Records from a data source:
== == ==
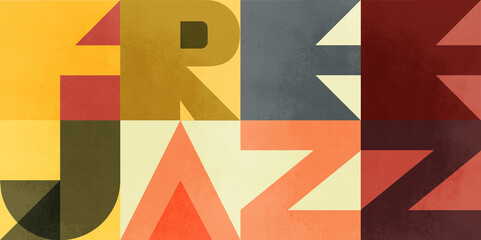 Free Jazz Music Abstract Geometric Vector Seamless Pattern Retro with Texture	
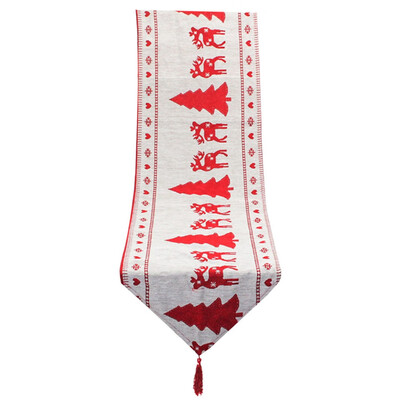 

Christmas Dining Table Polyester Cotton Flag Xmas Party Venue Banquet Home Decor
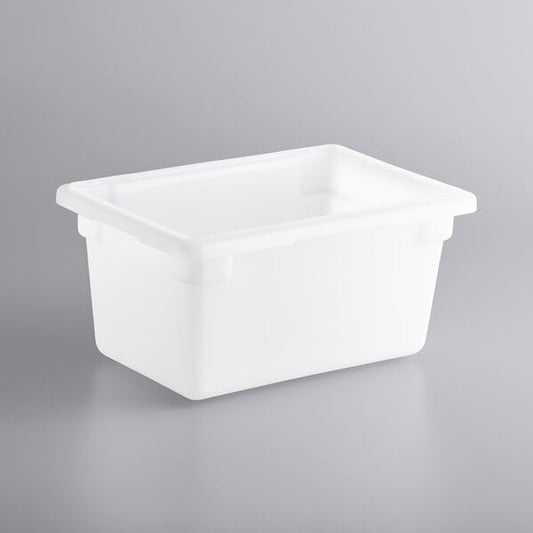 Commercial Food Storage Box, White Polyethylene, 18x12x9 Inches, 5 Gallon Capacity, NSF Listed, Stackable with Built-in Handles, BPA Free, Made in USA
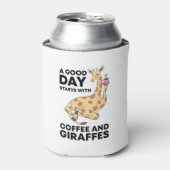 Rafraîchisseur Pour Canette A Good Day Starts With Coffee & Giraffe Gift Funny (Can devant)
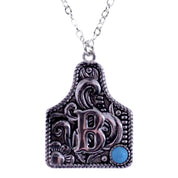Sterling Silver Cattle Tag Initial Necklace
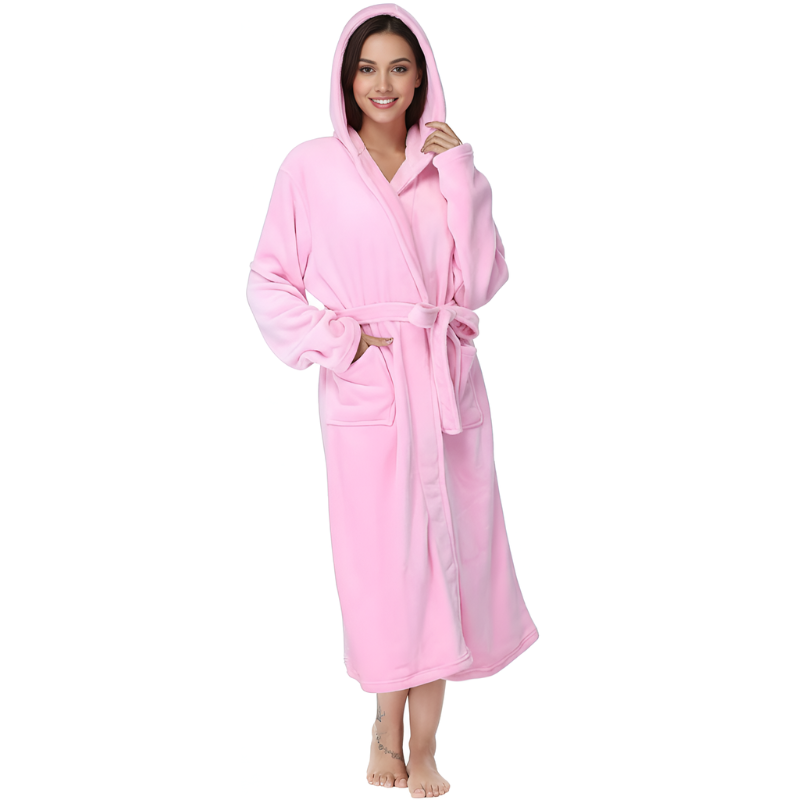 Womens Robes Plush Fleece Hooded Bathrobe Thick Nightgown With Pockets Fluffy Sleepwear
== == ==
THE TASK ▸ Take the line that holds "Rafraîchisseur Pour Canette" as the start and the last line of the data as the end. Copy only those lines exactly, both ends included, except the pictures.

ANSWER BOX ▸
 Rafraîchisseur Pour Canette A Good Day Starts With Coffee & Giraffe Gift Funny (Can devant)
Sterling Silver Cattle Tag Initial Necklace
 Womens Robes Plush Fleece Hooded Bathrobe Thick Nightgown With Pockets Fluffy Sleepwear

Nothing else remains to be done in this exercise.